“Get Real: Why You Should Be Recommending I’ll Meet You There by Heather Demetrios” – Review by Kara Rosenberg
My middle and high school students want different things out of their books. Some—the lucky ones, given the prolific nature of YA fantasy writers—just want to dive into one vaguely medieval alternative universe after another. Others, often girls, connect to the real characters, often girls, in the novels of John Green and Laurie Halse Anderson. I could go on.
But other readers want to see—sometimes need to see–what happens to teenagers when they leave high school. What choices will they make? How do they become young men and women who can make their own choices? What does it mean to be in a mature relationship (and, yes, Virginia, it does mean more than having sex…)? Once or twice a year, I’ll have a student, usually a young man, who doesn’t particularly like to read and for whom fantasy, adventure, and John Green just doesn’t cut it. That young man is often drawn in by books about other young men (and women) on the cusp of the rest of their lives. For those readers, I have a short but growing list of books, and I’ll Meet You There by Heather Demetrios has jumped to the top of it.
The novel is set in a poor California community described as “just a trailer park, a few run-down houses, a couple of businesses that barely made enough to keep their doors open, and the Paradise Motel.” It deals with two transitions, Skylar’s decision about what she’s going to do after high school and Josh’s decision about what he’s going to do after getting his leg blow off in Afghanistan. I’ll Meet You There is told primarily from Sky’s point of view with intermittent, short chapters narrated by Josh.
Josh’s story shows young male readers an example of what growing up can look like. Sky tells us that Josh was less than serious in high school, sleeping around, getting drunk, not caring about school. The post-Afghanistan Marine Josh, however, reads Slaughterhouse-Five, plays chess, and tries to figure out how to be in a real relationship. “I don’t know how to do this,” he tells Sky at one point. “You’re so different from the rest. Every time I try, I just keep screwing it up.” Soon afterwards, he does screw up big time, and part of his struggles shed light on issues that many amputees and veterans have to deal with.
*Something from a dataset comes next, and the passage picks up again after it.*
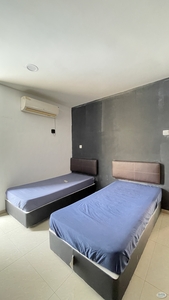 Single bedroom Master Room at Bandar Botanic ❗ ❗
Towards the end, he starts to accept what happened in Afghanistan and see a path forward. Josh says, talking to a close friend who died when he lost his leg, “I’m scared shitless, man. Because if I’m really gonna do this, really live my life, I’ve gotta leave you behind. I can hear your voice right now, even though you’re not here. I know exactly what you’d say: Good luck. Shoot straight. Don’t get dead.” Pretty good advice, I’d say. Many young men I work with don’t have many models of how to do this either. All the more reason to have books like I’ll Meet You There to show them a way.
Sky struggles with her conflicting needs to get out of her dirt poor town and to make sure her mom is going to be able to survive without her. It’s through Sky’s story that the novel digs into alcoholism and the lives of really poor communities in a way reminiscent of Eleanor and Park. The novel shows alcohol ripping families and relationships apart.
Sky, however, is a great character. She’s not perfect, but that’s another reason to like the novel: both main characters have mistakes to make and growing up to do. Sky’s happens when she gets drunk and drives into a ditch. Thankfully, she has a solid mother-figure, Marge, who runs the Paradise Motel, where both Sky and Josh work, to guide her. Marge is always there for some wise words. Towards the end, they have this exchange: “’I’m leaving soon,’ I said. ‘Yes, you are.’ She leaned against a tree, giving me one of her soul-searching looks. ‘But it’s not one or the other, sweet pea.’” For me, these words are at the heart of the novel: being an adult is not black and white, is not either staying or going; being an adult is about making the best, often messy, choice you can given the circumstances.
I’ll Meet You There is a book for more mature readers. Yes, the characters have sex. Yes, they say bad words. Yes, they get drunk. Yes, they do dumb things when they get drunk. But haven’t most people? It is certainly one teachers and librarians should have alongside books like Trish Doller’s Something Like Normal to hand to reluctant high school readers and anyone interested in a real story about real people trying to figure out how to grow up.
Kara Rosenberg teaches high school English and history in Vermont and is currently on the Green Mountain Book Award (Vermont’s book list for YA readers) committee. She lives in Montpelier with her husband and two sons and was late getting to this review because she was busy working on Harry and Hedwig costumes for an 8-year-old who has just started his first forays into the joys of Hogwarts.